In this case I had to also Cc: wireguard, bonding, RCU, and x86 people,
since this issue spans these subsystems (I naively thought). Anyway,
thanks for detailed tip (honestly /me wonder if I forgot this later, as
is often the case).

>> On 7/2/23 10:31, Bagas Sanjaya wrote:
>>> I notice a regression report on Bugzilla [1]. Quoting from it:
>>>
>>>> I've spent the last week on debugging a problem with my attempt to upgrade my kernel from 6.2.8 to 6.3.8 (now also with
>> [...]
>>> See Bugzilla for the full thread.
>>>
>>> Anyway, I'm adding it to regzbot to make sure it doesn't fall through cracks
>>> unnoticed:
>>>
>>> #regzbot introduced: fed8d8773b8ea6 https://bugzilla.kernel.org/show_bug.cgi?id=217620
>>> #regzbot title: correcting acpi_is_processor_usable() check causes RCU stalls with wireguard over bonding+igb
>>> #regzbot link: https://bugs.gentoo.org/909066
>
>> satmd: Can you repeat bisection to confirm that fed8d8773b8ea6 is
>> really the culprit?
>
> I'd be careful to ask people that, as that might mean a lot of work for
> them.
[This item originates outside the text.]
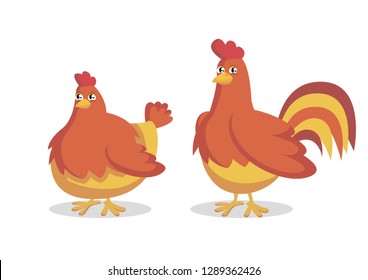 Funny cartoon chicken and rooster. Cute colorful rooster and hen standing cartoon vector illustration isolated on white background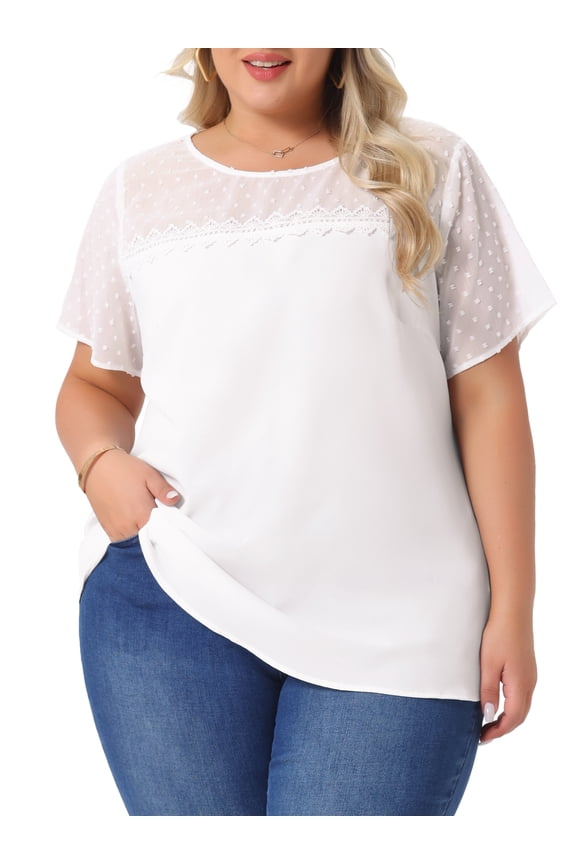 Women's Plus Lace Pin Dots Short Sleeve Blouse 3X White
Best to leave things like that to developers, unless it's pretty
> obvious that something went sideways.
>

OK.

>> Thorsten: It seems like the reporter concluded bisection to the
>> (possibly) incorrect culprit.
>
> What makes your think so? I just looked at bugzilla and it (for now)
> seems reverting fed8d8773b8ea6 ontop of 6.4 fixed things for the
> reporter, which is a pretty strong indicator that this change really
> causes the trouble somehow.
>

OK too.

> /me really wonders what's he's missing
>
>> What can I do in this case besides
>> asking to repeat bisection?
>
> Not much apart from updating regzbot state (e.g. something like "regzbot
> introduced v6.3..v6.4") and a reply to your initial report (ideally with
> a quick apology) to let everyone know it was a false alarm.
>

OK.

--
An old man doll... just what I always wanted! - Clara